* THE INPUT:
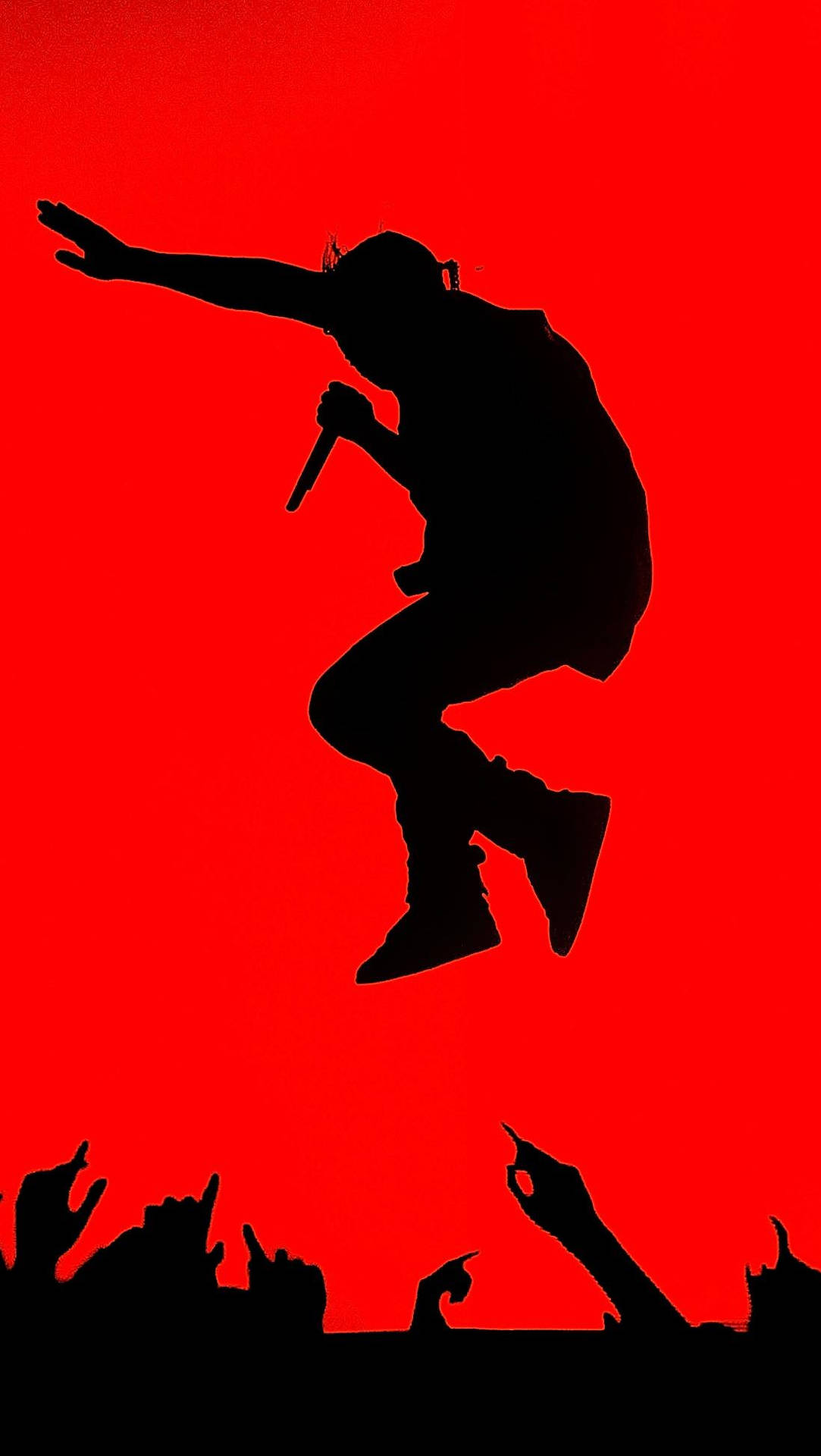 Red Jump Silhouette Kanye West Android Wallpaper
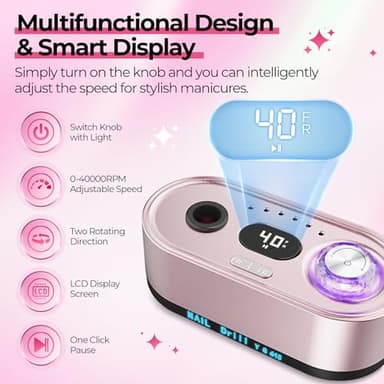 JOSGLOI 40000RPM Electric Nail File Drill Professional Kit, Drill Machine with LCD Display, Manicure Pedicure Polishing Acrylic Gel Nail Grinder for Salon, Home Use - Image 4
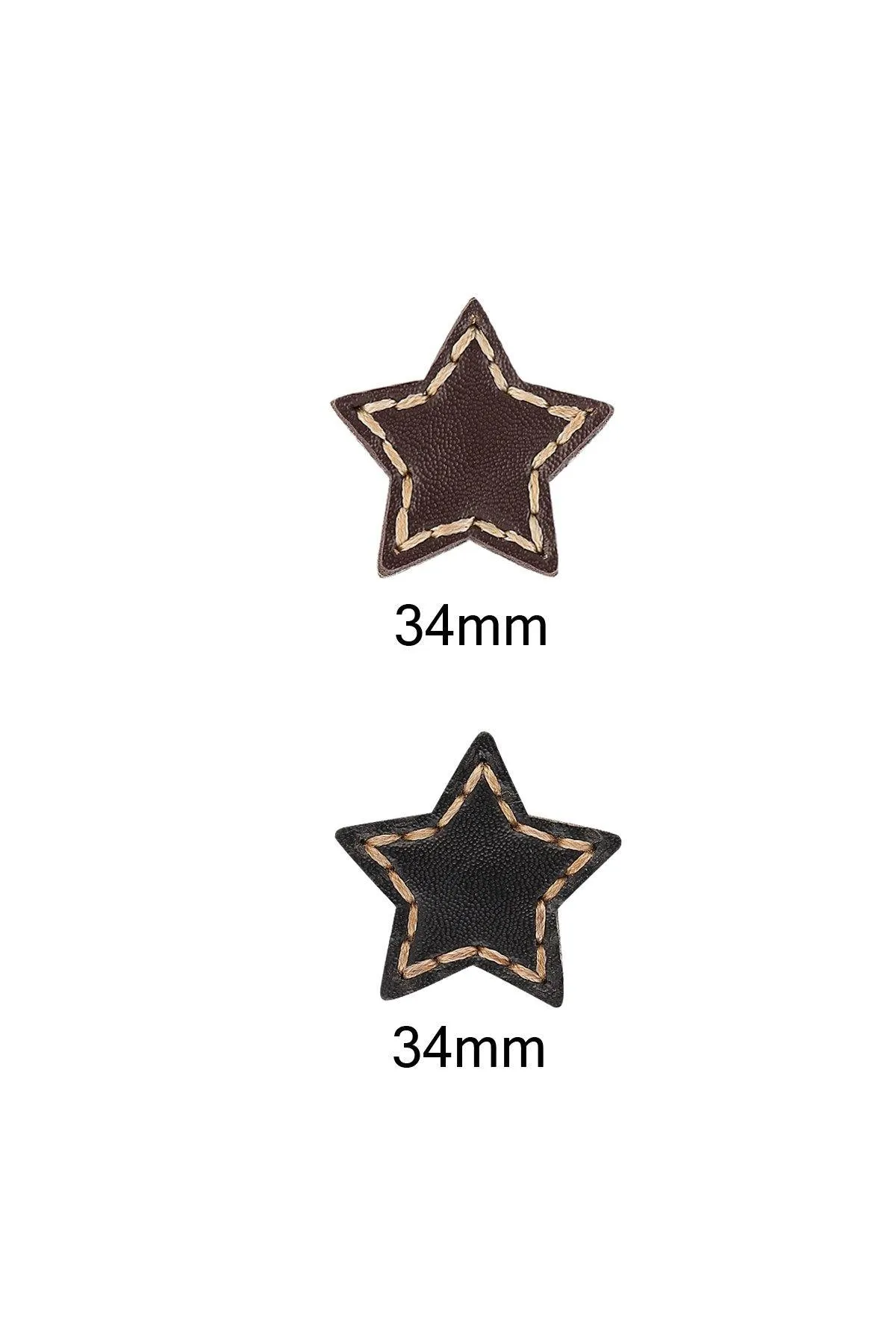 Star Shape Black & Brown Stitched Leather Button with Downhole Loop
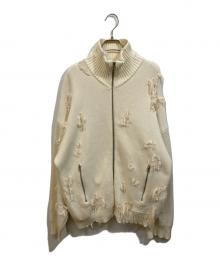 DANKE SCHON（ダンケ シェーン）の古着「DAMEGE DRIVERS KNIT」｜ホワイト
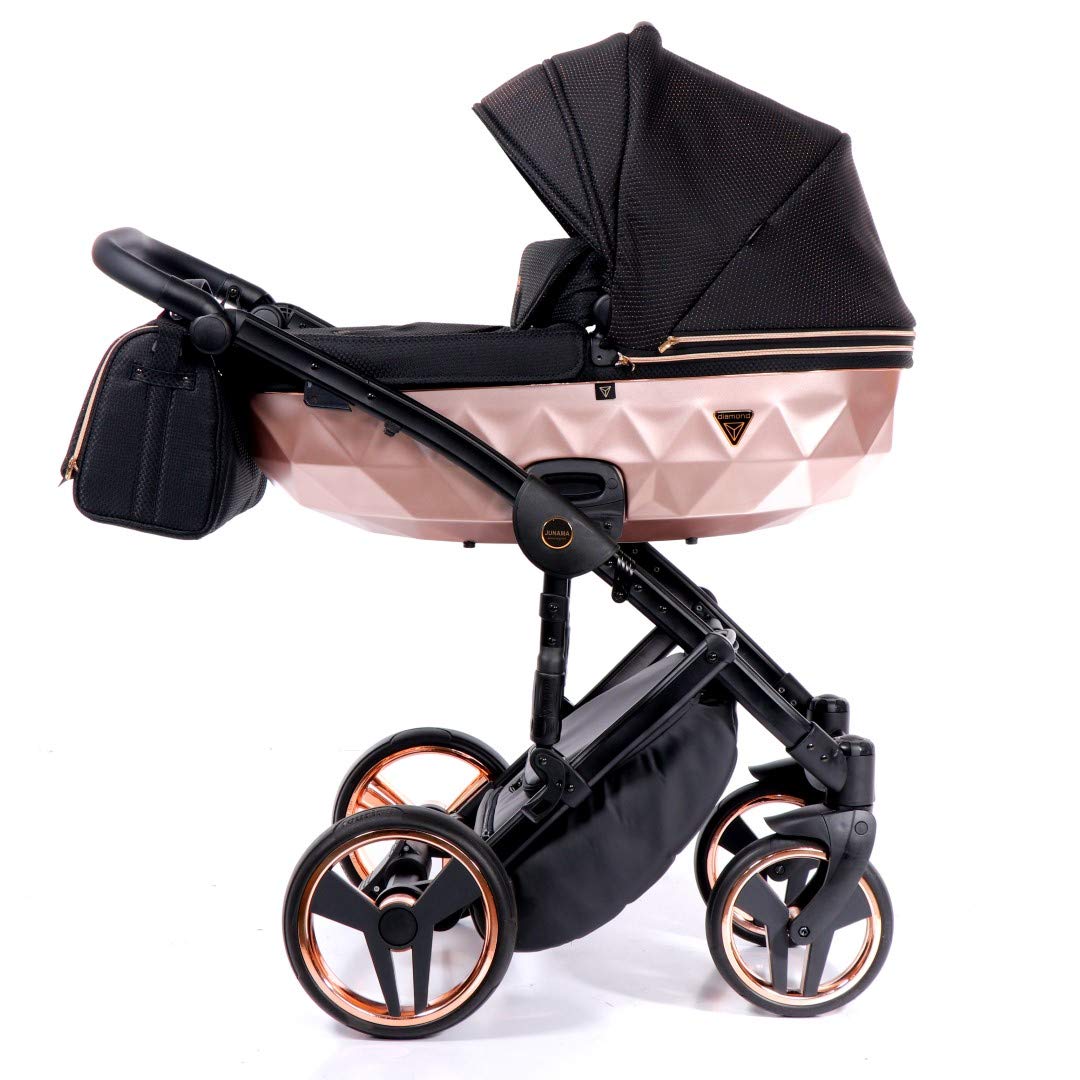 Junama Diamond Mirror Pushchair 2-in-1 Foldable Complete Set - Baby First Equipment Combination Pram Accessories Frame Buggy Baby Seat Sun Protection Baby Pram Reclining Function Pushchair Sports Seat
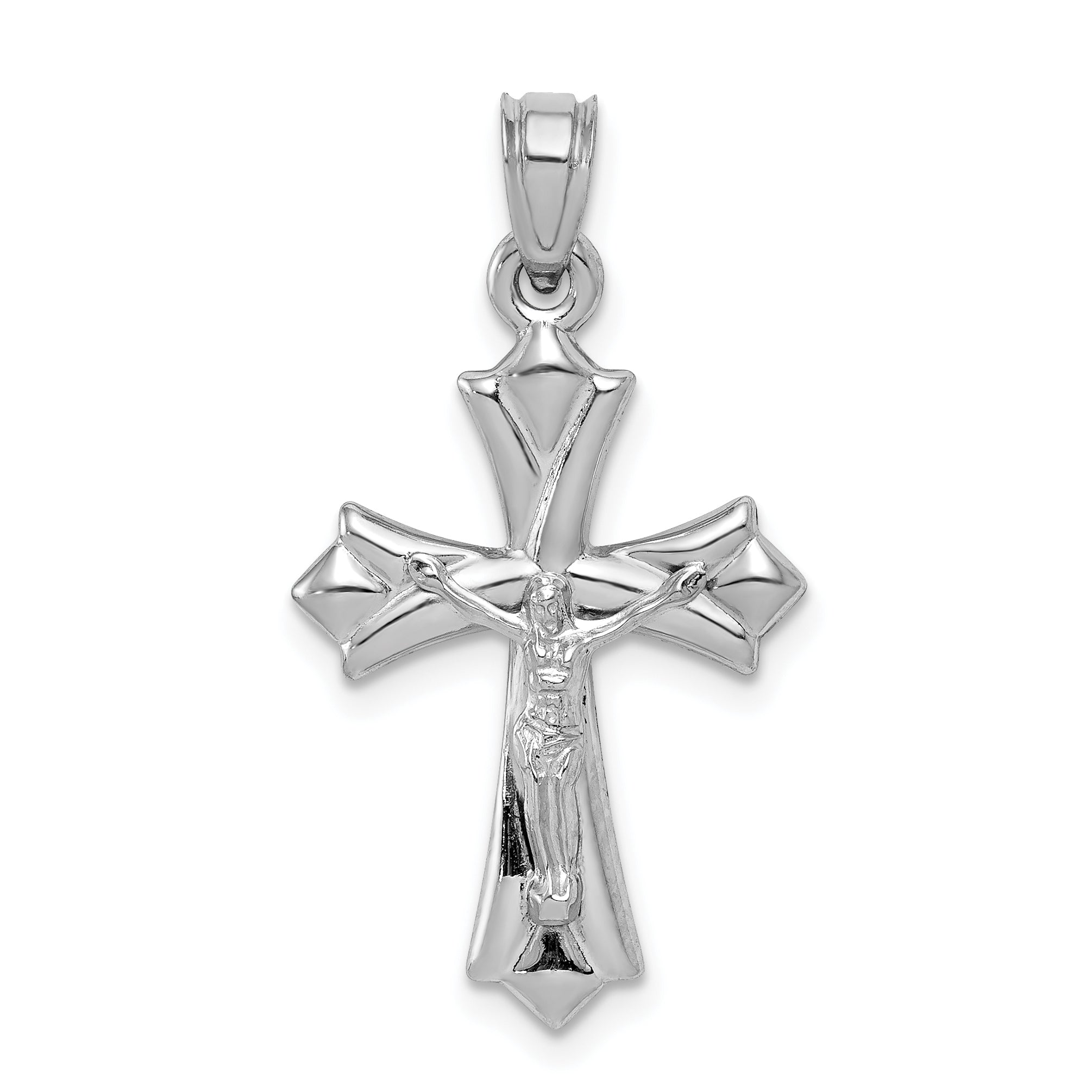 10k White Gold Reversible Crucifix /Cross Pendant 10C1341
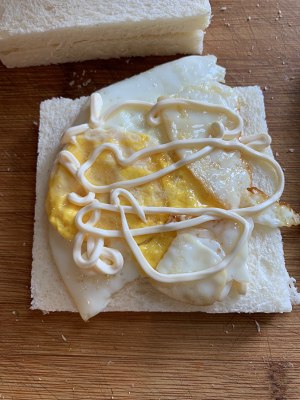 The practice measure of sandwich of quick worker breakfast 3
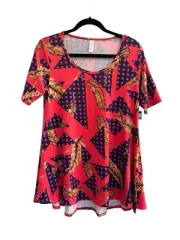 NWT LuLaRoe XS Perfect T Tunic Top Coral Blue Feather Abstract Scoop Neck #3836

* WHAT TO DO: Restate word for word the lines of the data above that begin at the line with "JOSGLOI 40000RPM Electric" and end at the line with "The practice measure", keeping both ends and dropping every picture.

* OUTPUT:
 JOSGLOI 40000RPM Electric Nail File Drill Professional Kit, Drill Machine with LCD Display, Manicure Pedicure Polishing Acrylic Gel Nail Grinder for Salon, Home Use - Image 4
 Star Shape Black & Brown Stitched Leather Button with Downhole Loop
 DANKE SCHON（ダンケ シェーン）の古着「DAMEGE DRIVERS KNIT」｜ホワイト
 Junama Diamond Mirror Pushchair 2-in-1 Foldable Complete Set - Baby First Equipment Combination Pram Accessories Frame Buggy Baby Seat Sun Protection Baby Pram Reclining Function Pushchair Sports Seat
 10k White Gold Reversible Crucifix /Cross Pendant 10C1341
 The practice measure of sandwich of quick worker breakfast 3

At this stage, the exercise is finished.